The method of claim 1,

segmenting the video in shot units;

adding a tag set to each of the segmented shots, and deriving keywords that highlight the characteristics of each shot for each shot through topic analysis of the tag set; And

and generating the scene by performing hierarchical clustering based on the degree of similarity between adjacent shots determined based on the keyword.
6. The method of claim 5, wherein the tag set is

A method of retrieving information inside a video, characterized in that it consists of a video tag and an audio tag.
6. The method of claim 5, wherein in each of the scenes

A method for retrieving information in a video, characterized in that a scene tag is assigned and metadata is assigned in the form of a sentence to index the video in units of scenes.
6. The method of claim 5, wherein the metadata is

A video characterized in that at least one keyword derived from each of at least one shot constituting one scene and a text converted from speech data of each of at least one shot through STT (Speech To Text) are generated based on a video How to retrieve information inside.
9. The method of claim 8,

At least one sentence including the keyword is selected from at least one text data obtained by converting the speech data of each of the at least one shot constituting the one scene into STT, and the selected at least one sentence is through deep learning A method of retrieving information inside a video, characterized in that a single sentence is generated and the generated single sentence is stored as metadata describing the scene.
The method of claim 1,

After extracting a frame from a moving picture as an image, converting each image into an HSV color space;

generating three time series data including median values of H (hue), S (saturation), and v (brightness); and

When all three inflection points detected in the three time series data match, setting the corresponding point as the start or end point of the shot; the method of searching for information inside the video, comprising further comprising.
11. The method of claim 10,

The method further comprising grouping at least one shot into a scene, wherein in this case, grouping is performed based on a degree of similarity between at least one adjacent shot in the timeline.
a search word input unit for receiving a sentence as a search word from a user;

a video section search unit for searching a specific section having the highest degree of relevance to the search term within the video; and

Including; a video section reproducing unit that reproduces only the specific section within the video;

The video is segmented based on meaning, and a sentence explaining the meaning of the segmented section is given as metadata for each segmented section, and the relevance with the search term is used along the timeline of the video using the sentence as an index.

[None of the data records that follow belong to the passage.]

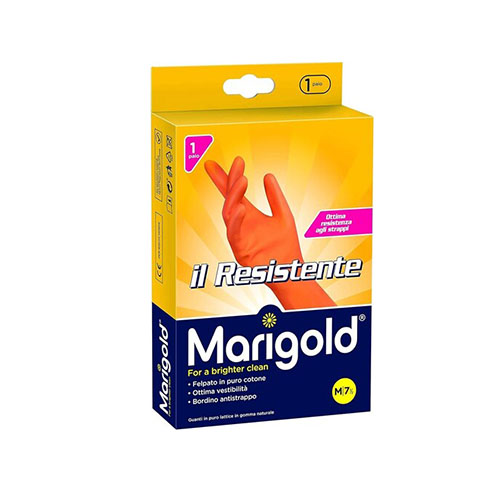 MARIGOLD GUANTI IL RESISTENTE TAGLIA M 7 1/2 MEDIUM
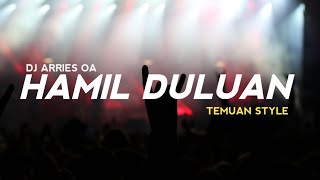 Hamil Duluan - Temuan Style V1 (Cover Instrumental)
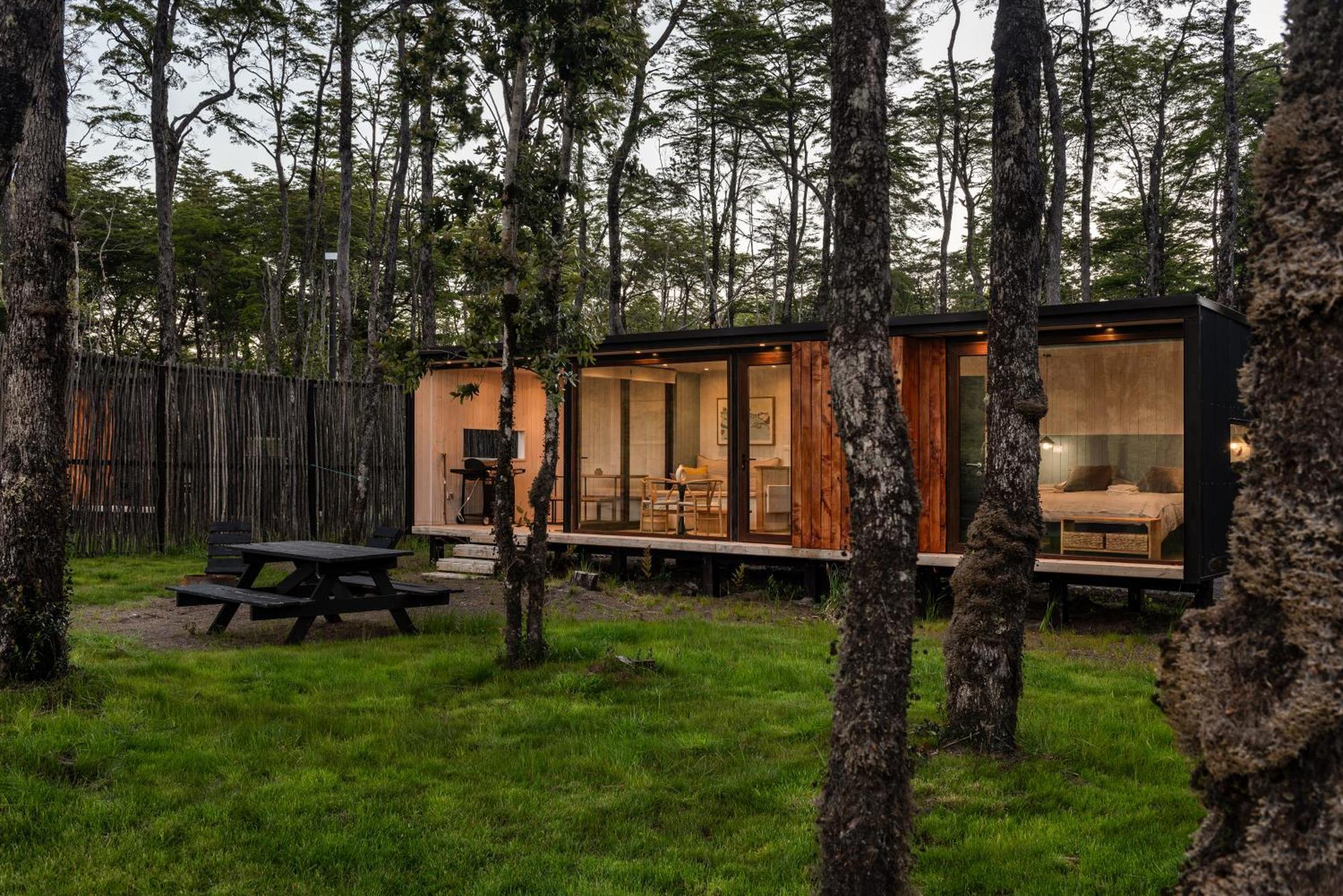 Carintia Cabins Puerto Varas Eksteriør bilde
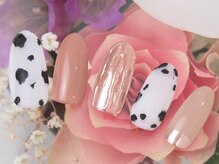 ココロバ ネイルアンドビューティーサロン(COCOLOBA)/アニマルネイル♪♪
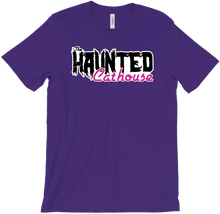 Haunted Cathouse Logo T-Shirt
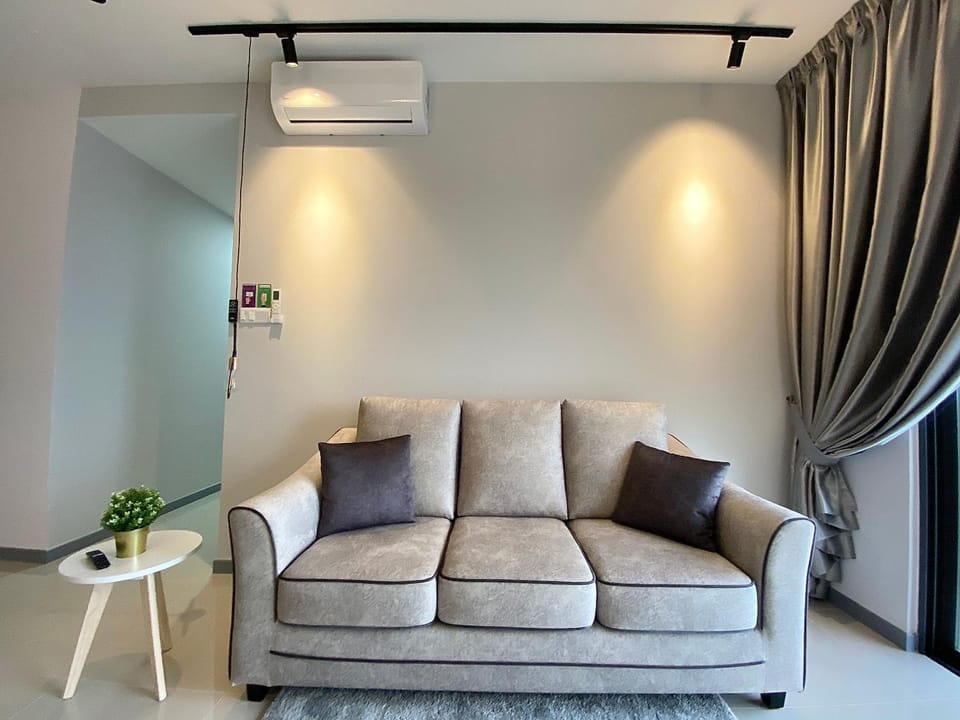 NEW! 3BR near Desa Park City Apartment in Petaling Jaya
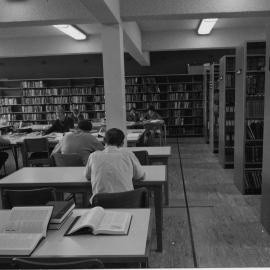 Wollongong University College Library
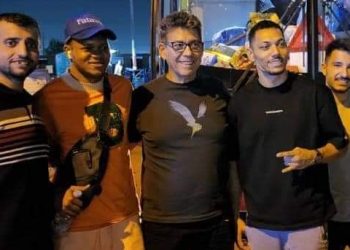 لاعبو المريخ السودانى يفرون إلى أسوان عبر الطريق البري بين مصر والسودان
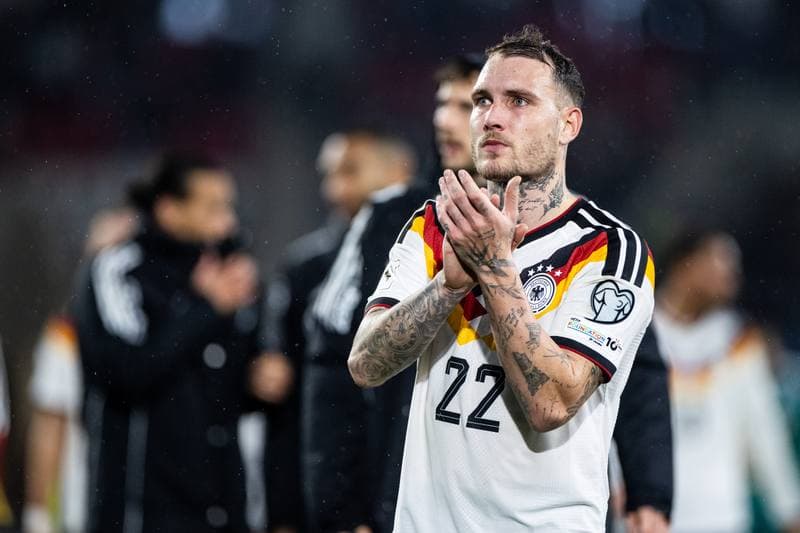 Football. FIFA World Cup Qualifiers. Luxembourg - Germany. 14.11.2025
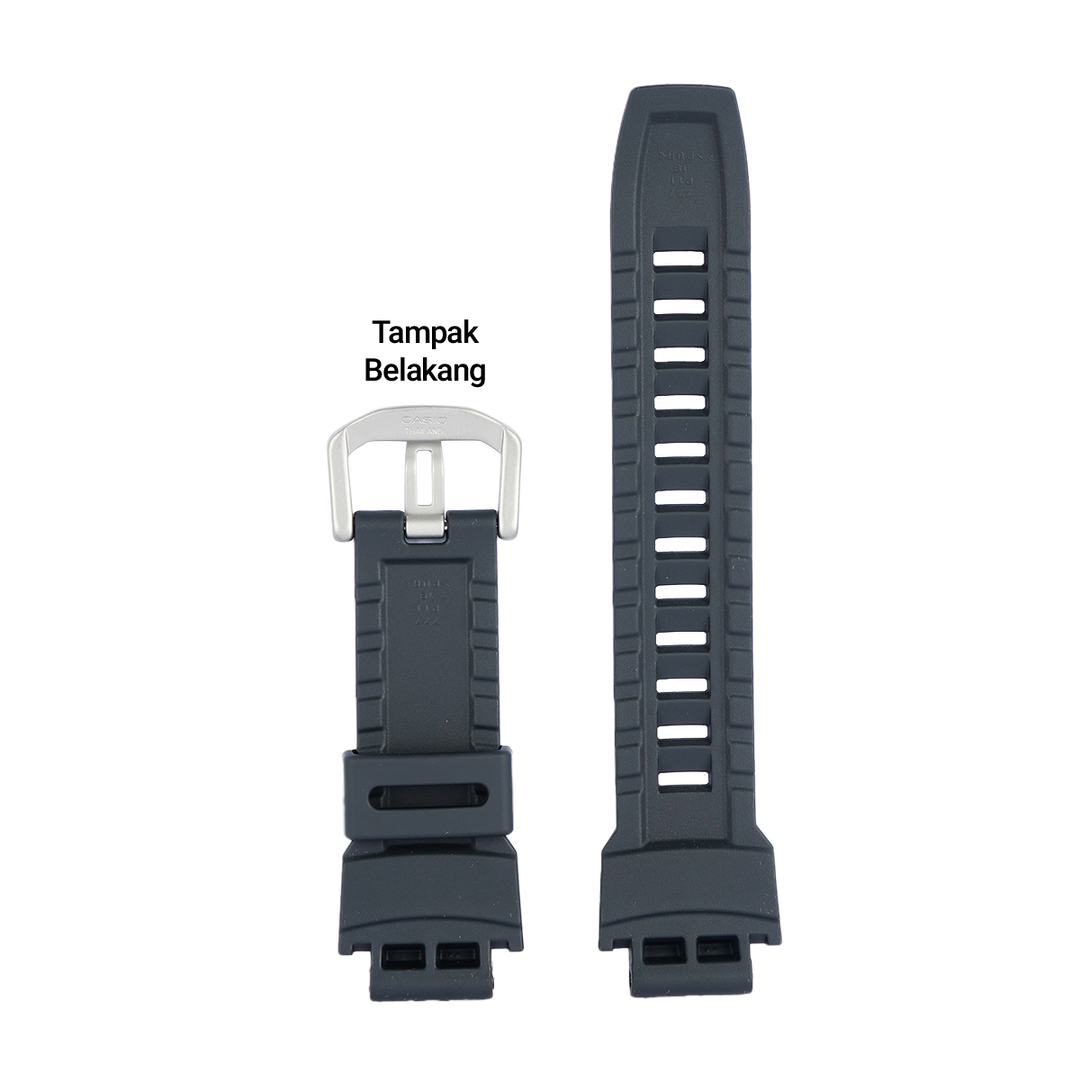 Tali Strap CASIO PRG-250 / PRG-510 / PRW-2500 / PRW-5100 27mm Black Resin 10390035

A device for searching video internal information, characterized in that determining the.
13. The method of claim 12, wherein the video section search unit

A video segment is segmented into shots, a tag set is assigned to each segmented shot, and a keyword that highlights the characteristics of each shot is derived through topic analysis of the tag set. wealth; and

and a scene generator configured to generate the scene by performing hierarchical clustering based on the degree of similarity between adjacent shots determined based on the keyword.
14. The method of claim 13,

and a metadata generation unit that analyzes the scenes generated by the scene generation unit, respectively, and provides metadata for each scene in the form of a sentence.
A computer-readable recording medium in which a program for performing the method according to any one of claims 1 to 11 is recorded.